Миссис Томсон ждала его долго, рассматривая детей, катавшихся возле нее на маленьких велосипедиках, молодых матерей с колясками, высокие кроны старых деревьев и красные стены университета, по преданию, покрашенные так по приказу царя - как наказание за вольнодумство студентов.

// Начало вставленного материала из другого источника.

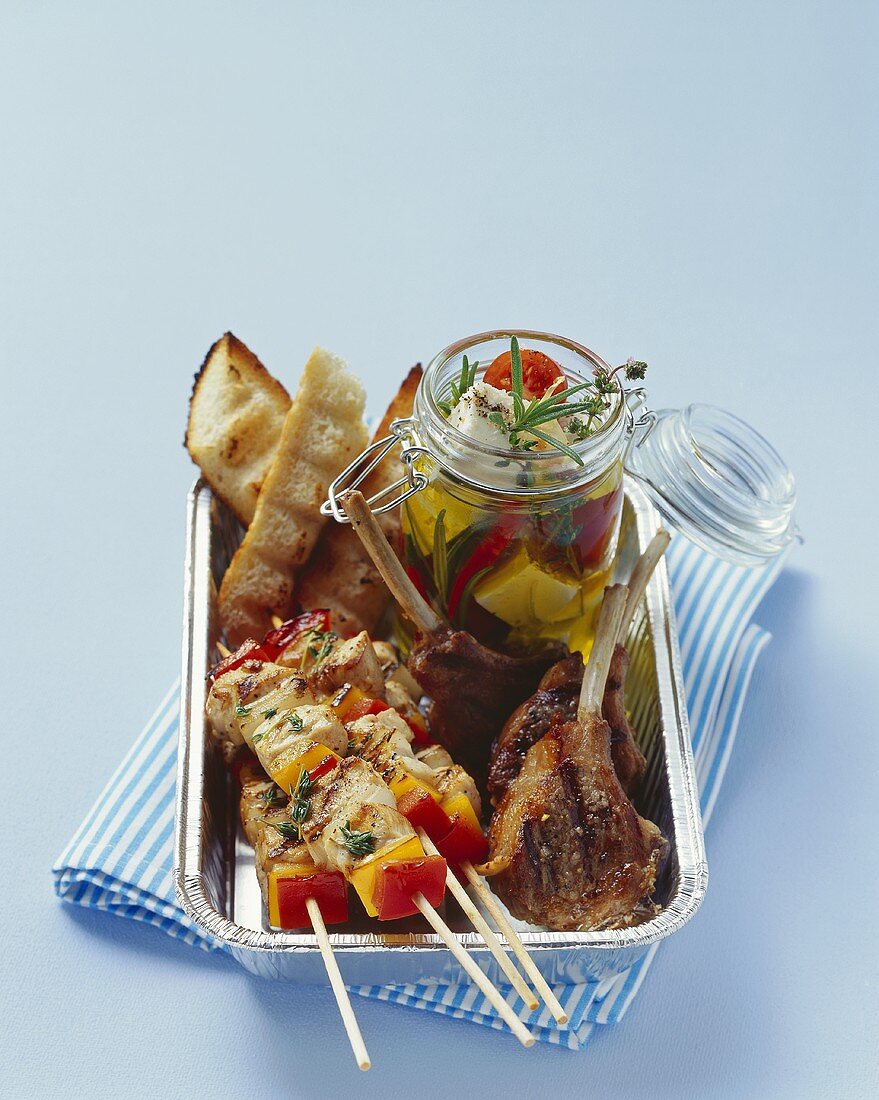 Kebabs, lamb chops and pickled cheese in aluminium dish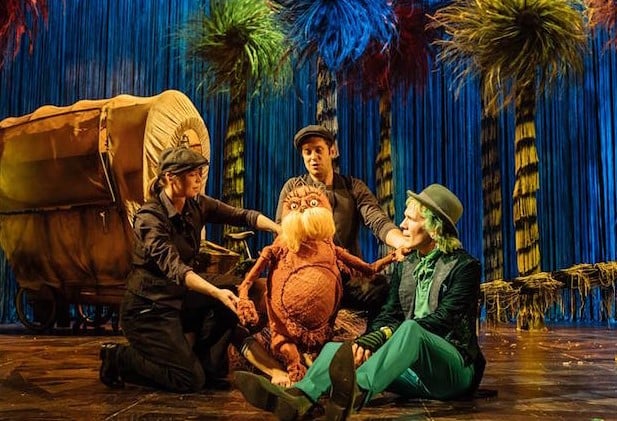Simon Paisley Day (in green suit) in a still from the theatre play The Lorax by David Greig (2017)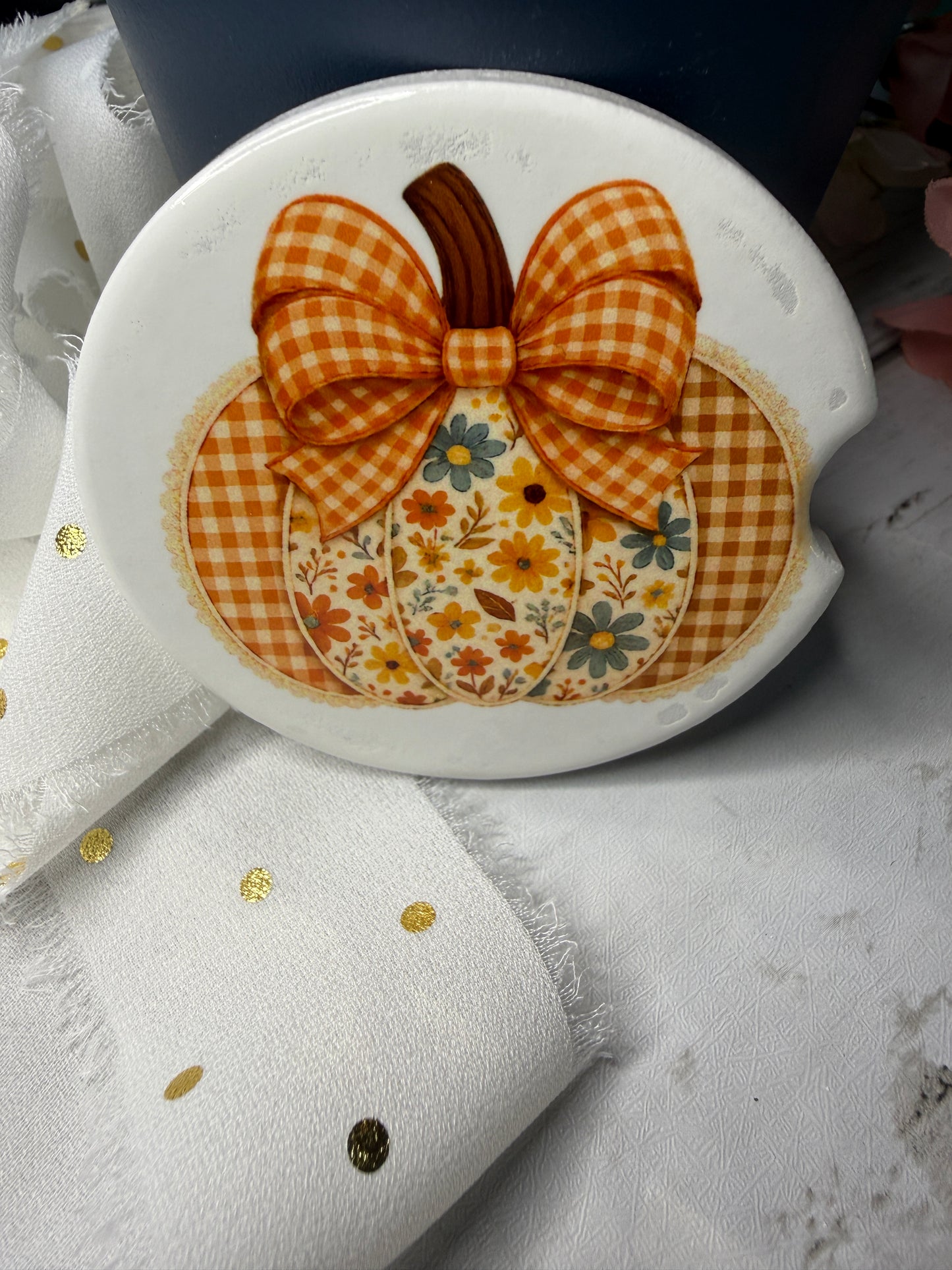 Car Coaster with a checkered bow and floral design on a white background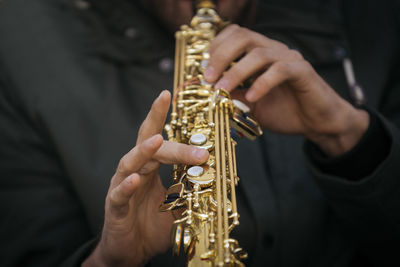 Midsection of man playing guitar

Хотя это был уютный уголок в центре города, со своим микроклиматом, где легко дышалось, где отдыхали и глаза, и душа, ожидать было неприятно. Кэтрин нервничала, ее охватывало нетерпение, любопытство и необычное волнение, словно она снова девочкой ждет свидания на лугу или у верб под Тетеревом.
Молодость не возвращалась, Андрей не появлялся.
Кэтрин взглянула на миниатюрные ромбические часики-кулон, висевшие на золотой цепочке на груди, и поднялась со скамьи. Времени у нее было достаточно, но столько ждать! Она почувствовала себя обиженной. Это было похоже на измену.
Однако какая измена?! Какие претензии она может предъявить человеку, когда-то близкому, а теперь совсем чужому?! А ей разве он не может предъявить свои?..
Она съежилась от этой мысли.
И все же ей во что бы то ни стало необходимо встретиться с ним, хотя бы посмотреть - и все; наконец, удовлетворить свой интерес - умер, а теперь, слава богу, живой и под другой фамилией. Хиромантия какая-то!..
Поднявшись со скамьи, она не сразу ушла из парка. Постояла перед величественным памятником Шевченко, вспоминая стихи, которые учила и любила в детстве. Обрадовалась, что смогла вспомнить некоторые из них, ибо, когда смотрела в суровое и мудрое лицо поэта, чувствовала себя виноватой перед ним. Снова и снова поднимала глаза, и выражение лица поэта казалось ей все более суровым, осуждающим. Чувствуя в глубине души справедливость его осуждения, не могла больше находиться в парке и направилась к своей гостинице.